I first experienced Hanif Abdurraqib’s writing later than I should have: a 2016 essay at MTV News published in the wake of Prince’s death. Abdurraqib revisits Prince leading a marching band through the rain of the Superbowl Halftime Show in 2007 in Miami, Florida. I loved that moment. We all watched it unfold: Prince playing through “Let’s Go Crazy” and “Baby I’m A Star” and a cover of “Best of You” and “Purple Rain” and the explosion of guitar. I don’t remember who was playing in the game, only the brief window of music.

In They Can’t Kill Us Until They Kill Us, Abdurraib writes across music, but also about genres, landscapes and locations (Terminal 5 in New York, Columbus, Ohio, Chicago), time, joy, sorrow, and confusion. He describes the beginning a Carly Rae Jepsen concert: “The feeling barrels towards you as the lights go down…”; remembers a friend at a Fall Out Boy concert: “No one decides when the people we love are actually gone”; and sees Prince performing “on a stage slick with rain, walking on actual water… Dearly beloved, when the sky opens up, anywhere, I will think of how Prince made a storm bend to his will. How the rain never touches those who it knows were sent into it for a higher purpose… I will walk into the next storm and leave my umbrella hanging on the door.”

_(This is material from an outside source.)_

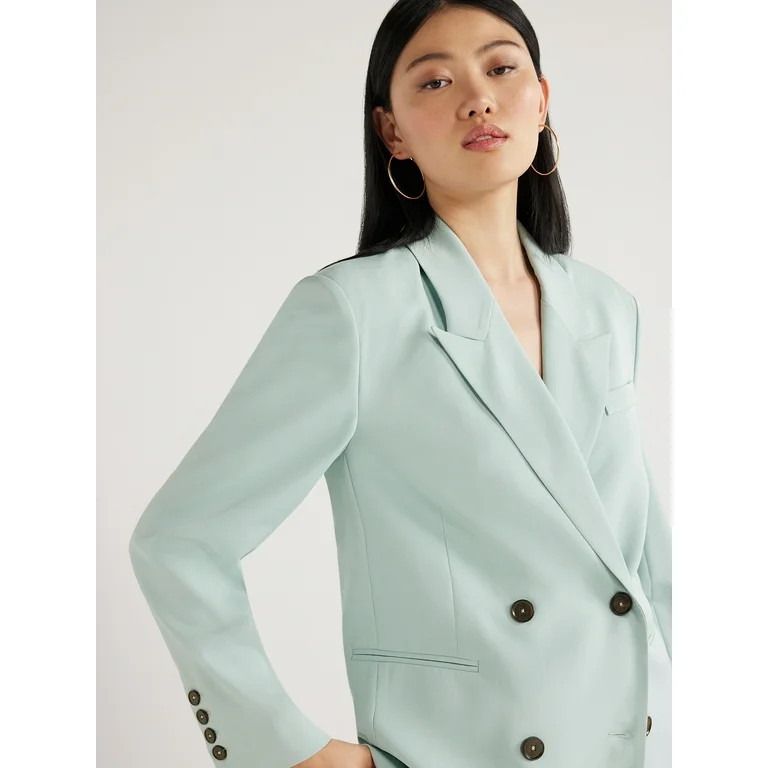 Scoop Women's Oversized Slouchy Double Breasted Blazer, Sizes XS-XXL | Walmart (US)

Hanif Abdurraqib is a poet, essayist, and cultural critic whose writing has been published in Muzzle, Vinly, PEN American, New York Times, and elsewhere. His first full length poetry collection, The Crown Ain’t Worth Much, was published in 2016 and was named a finalist for the Hurston / Wright Award for Poetry.

Contributor David Cotrone interviewed Hanif Abdurraqib using the acknowledgements pages of They Can’t Kill Us Until They Kill Us as his guide.

In They Can’t Kill Us Until They Kill Us, you write about The Weeknd, Fall Out Boy, Prince, Carly Rae Jepsen, Bruce Springsteen, Nina Simone, Johnny Cash, Chance the Rapper, My Chemical Romance… how do you choose the topics and experiences to write about? Is there something that’s been hardest to confront?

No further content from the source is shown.